Perhaps it was the recent wedding of the president to his sixth wife that set the artist off, and he decided right there and then: “I’ve had it with this darkie and his insatiable sexual appetite.”

I could be wrong. Murray has since said that he never intended to hurt anyone but rather to give a satirical take on political power and patriarchy. I am assuming he meant “black” patriarchy.

Whatever his reasons were, the artwork has brought into sharp focus the issue of black people’s representation at the hands of whites, and what some have called a continued sense of colonial othering.

This “othering” is and has been a prominent aspect within the field of art practice and history for a long time – something that the liberal analysts-come-pseudo art critics with their rationalisations, have seemed unwilling to concede, as if somehow assuming that by ignoring it, it would be a non-issue.

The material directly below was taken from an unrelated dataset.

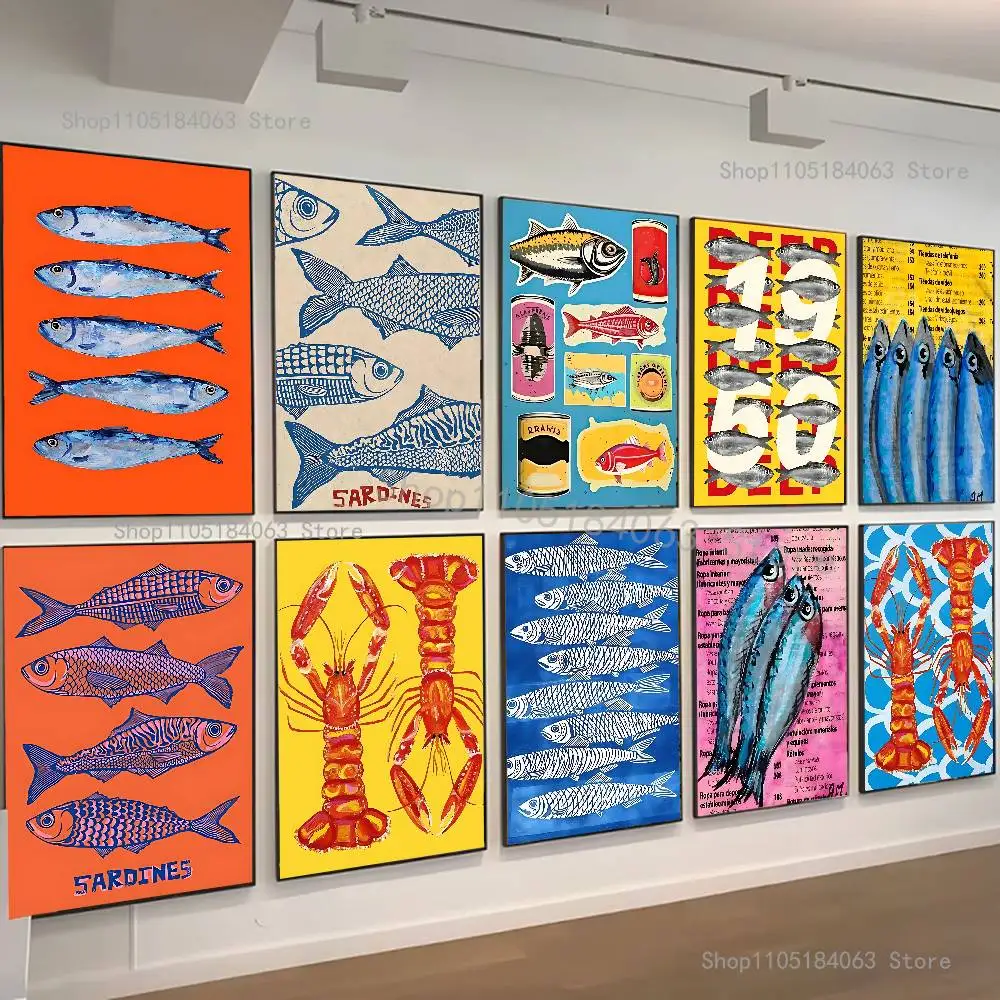 

Colorful Sardine Lobster Fish Poster HD Art Sticky Wall Waterproof Home Living Room Bedroom Bar Aesthetic Decoration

As much as we would like to deny it, the depiction of African people, their cultures and practices has long been governed by the Western ideological gaze. In this light, the majority of reactions by black people, the ANC, Jacob Zuma himself and his family, was to be expected.

This past Monday, the Atlanticran a story by biologist Rob Brooks on the evolutionary human links between inequality and misogyny.

Somewhere in his scientific musings, Brooks wrote in regards with the practice of polygamy that “Zuma is, in many ways, the product of an environment that reinforces some of our worst evolved traits”.

The very insinuations of his words have a chilling effect.

Am I being emotional? Absolutely!

I believe that rationalist views tend to underestimate emotional responses at their peril. And it is these responses that lead to the defacement of artworks.

It has become almost profane for black people to lament the effects of an oppressive and racialised past without being branded oversensitive and emotional.

Personally I feel that, sometimes, liberal arguments amount to nothing more than choosing to sacrifice basic principles (like empathy) at the altar of unrepentant freedom of expression, which, ironically, we are not free to criticise.